3. Все сомнения в виновности обвиняемого, которые не могут быть устранены в порядке, установленном настоящим Кодексом, толкуются в пользу обвиняемого.

4. Обвинительный приговор не может быть основан на предположениях» (статья 14 УПК РФ). И все это следует из статьи 49 Конституции РФ.

Правилами презумпции невиновности и нужно руководствоваться судам, а не пытаться быть святее государственного обвинителя. В остальных случаях при доказывании достаточно использовать здравый смысл, а вот его-то, создается впечатление, подчас у судей и не наблюдается.

Нет ли у судей профессиональной деформации правосознания? Предъявление человеку обвинения еще не означает его виновности. Забвение этой истины сильно бьет по престижу правосудия. Оно подчас называется «басманным». Сколько ломается из-за него судеб!

Не затуманивает ли судьям глаза значимость собственного статуса возможность отделить в каждом конкретном случае зерна от плевел? Сидящие на скамье подсудимых – тоже люди. Иногда ими бывают и сами судьи. И тогда они пытаются защититься теми же способами, что защищались ими осужденные. Парадокс в том, что это может ничего не дать, ибо судят судей так же, как судили они.

Обвинить довольно легко. Был бы человек, а статья найдется.

Защитить сложнее. Непросто доказать, что ты не верблюд.

Наиболее же трудно решить, кто прав – кто виноват. Суд не на осуд, а на рассуд.

Разумеется, судьи – не роботы, а люди. Шапка Мономаха судебного статуса довольно тяжела. Только взялся за гуж – не говори, что не дюж. В противном случае не суди других и сам не судим будешь.

Для устранения возможных ошибок судов первой инстанции, рассматривающих уголовные дела по существу, созданы суды апелляционной, кассационной и надзорной инстанций, проверяющие правосудность приговоров. Предполагалось, что при помощи таких судов правосудие станет еще больше правосудным. А что на деле? Кажется, их главная забота – пресловутая стабильность приговора.

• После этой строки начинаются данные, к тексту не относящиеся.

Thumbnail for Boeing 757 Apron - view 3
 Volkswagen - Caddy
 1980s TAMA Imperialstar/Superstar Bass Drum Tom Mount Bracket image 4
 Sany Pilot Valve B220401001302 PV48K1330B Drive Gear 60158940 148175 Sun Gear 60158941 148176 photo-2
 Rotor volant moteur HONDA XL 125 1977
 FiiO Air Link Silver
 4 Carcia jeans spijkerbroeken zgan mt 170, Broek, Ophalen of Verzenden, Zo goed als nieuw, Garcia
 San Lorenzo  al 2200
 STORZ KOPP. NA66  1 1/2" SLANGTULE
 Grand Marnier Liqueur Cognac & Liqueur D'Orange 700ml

Приведу лишь одну иллюстрацию. Я узнал, что как-то при корпоративном праздновании судьями Нового года был произнесен тост «за устояемость приговоров». И он был воодушевленно принят звоном бокалов. Заметьте, речь идет не о правосудности приговора, а о том, чтобы он в проверочной инстанции остался в таком же виде, в каком был вынесен. А дальше – хоть трава не расти. Важна не судьба человека, а внешний лоск судебной деятельности. В ней же все в ажуре только в выступлениях с высоких трибун, а на самом деле ситуация не слишком благополучная.

Во всяком случае, часто складывается впечатление, что для проверяющих инстанций первоочередную роль играет подтверждение законности, обоснованности и справедливости вынесенного приговора едва ли не любой ценой. Если адвокат аргументирует несогласие с приговором, то апелляционная, кассационная и надзорная инстанции себя не слишком утверждают контраргументами. И получается, что приговоры, а также определения и постановления судов зачастую неубедительны. Результатом становятся все новые и новые жалобы, поток жалоб.

Правда, по общему правилу, чем выше судебная инстанция, тем меньше аргументов в ее решении, ибо дела, видимо, скрупулезно не изучаются, а ответы даются, исходя из предыдущих. В таком случае возникает крамольный вопрос: нужны ли проверяющие инстанции, если они перед собой, по существу, ставят задачу сохранения приговора в изначальном виде? Ведь это ведет к попранию положений части 3 статьи 50 Конституции РФ, предусматривающих, что каждый осужденный за преступление имеет право на пересмотр приговора вышестоящим судом в порядке, установленном федеральным законом. На пересмотр, а не на формальную проверку!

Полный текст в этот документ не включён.